Some of us have this kind of inner dialogue on at full volume, screaming our inadequacies at us day in and day out. Others have it on mute but every once in a while mute fails.
And so we hesitate to show up. We assume our work, and our very presence doesn’t matter. We reach for external validation at the same time that we know we’re undeserving.
It’s an ugly and terrible dance.
When you’re a creative, it’s even worse because your work is tied into that inner voice. You self sabotage your art, your opportunities and your public persona.
I can see it. Have seen it. Still see it. And it’s a shame.
We are born all worthy of being here. The very act of arriving assures us our worth. There are no wastes of skin (what a horrible description). No mistakes.
And when we’re born, we’re all given gifts. Some show up young, some later, but they are there. The artist. The writer. The speaker. The peacemaker. The scientist. The analyst. And oftentimes those gifts are layered. An artist who writes. The musician who programs software. The singer who discovered a cure for something.
But if you go through your life being terrible to yourself, your gifts by proximity are shit on too. A crude, but important picture.
You are supposed to be here, alive, right now, doing the work that comes naturally to you. And that work isn’t just for you, self indulgent and selfish, but for others too.
When you write, paint, create, being who you are from a place of owning who you are, you inspire others to do the same. Our work isn’t just the obvious, but the ripple effect outward. Me, taking up art so publicly in 2015, inspired countless others to pick up their brushes too.
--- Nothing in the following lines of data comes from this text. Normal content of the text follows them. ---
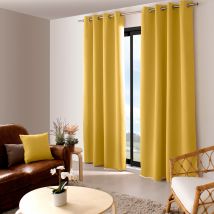 Rideau occultant uni avec 8 œillets - Jaune - Polyester/Occultant - Home Maison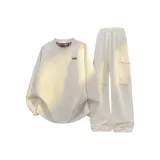 Свитшот с круглым вырезом, комплект одежды [Абрикосовый топ + Абрикосовые штаны]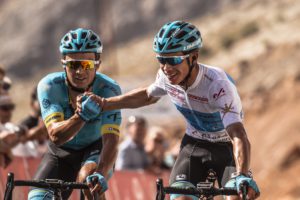 L'arrivo di Miguel Angel Lopez e Alexey Lutsenko alla Green Mountain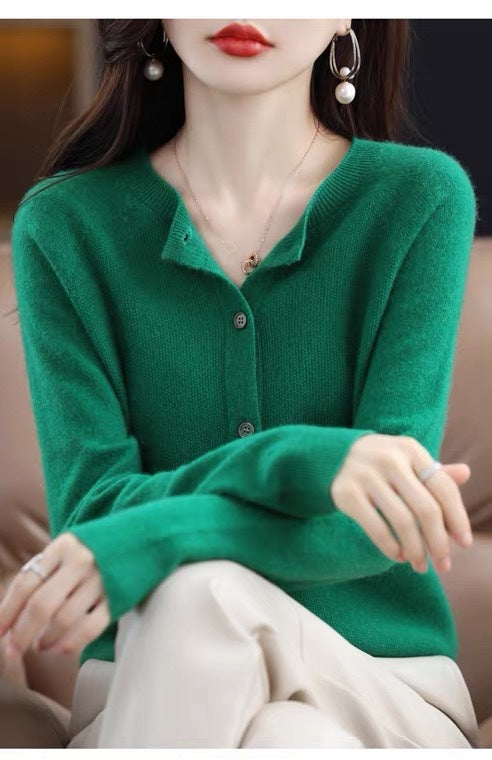 Womens Cardigan Relaxed Fit Round Neck Button-Front Long Sleeve – Marisol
There are at least five books out in the world because my strength of presence and conviction was contagious to the right people in the right moment.
It’s so easy to focus on the poor me, and terrible things happen to me and life sucks and I’m powerless. When you do that, the people who are in the same mindset, or leaning that way, gather around you.
But when you claim your power, your absolute RIGHT to be here alive and your absolute place as a powerful creative, a person worthy of their gifts, you change the world.
There’s a ripple effect that happens when we are the stone tossed into the pond.
Until 2015, I craved my art practice but did very little about it. Living a creative life was for other people, though I’d always intended to be an artist and went to school for it. I was convinced I wasn’t worthy of my gifts and skills.
A near death situation shifted my priorities in the most dramatic way possible and I decided that now was the best time, the only time, I had to change everything. Within a year, my art was available internationally and things just grew from there.
But what happened that I wasn’t expecting was the ripple effect.
My kids, old enough to be thinking about careers and heading into secondary school, suddenly made major shifts. From a quiet state of despair and an anticipated future of unsatisfying cubicle-based, soul destroying jobs, to choosing art and music for their paths.
My fans started contacting me, sharing their work. Not having painted or made any art in years, felt safe enough to try in the same way that I would paint live and face the chances of failing in front of an audience every week. My ability to perform regardless of outcome gave them courage.
When I started writing my book, and then writing about the process of writing, more people contacted me. They thought they were the only ones going through the pain of feeling unworthy! But no, in my authenticity and sharing (oversharing?) they found the courage to continue knowing that they weren’t alone.
This power that I show up in, knowing that I’d have more regrets not doing a thing than doing it and possibly failing, is contagious.
And it’s not unique to me.
When you claim your power, claim your gifts and own the fact that you are supposed to be alive and doing the things that bring you joy, it ripples outward and changes the world completely.
You showing up as you are is so important because so many people don’t and then we all lose. How many books go unwritten? How much art is hidden away, the artist unsure of their own value? How much music is unplayed, unshared, unsung?
It is our very purpose is to be who we are, perfectly imperfect in the moment. Being the light, the candle, the guide for the people who just need the inspiration.
When Roger Bannister ran the very first 4 minute mile in 1954, he changed the world. Prior to that, no one thought it could be done. That it was humanly impossible. The minute he did it, or really shortly after, runner after runner began to break that barrier. Now it’s the de facto standard for male athletes.
This is how we influence each other — proving that a thing can be done by doing it. Making the path. Being the person who gets shit done.
Claim your power. Be a light for the people around you. Do what you were born to do. Humanity’s path depends upon it.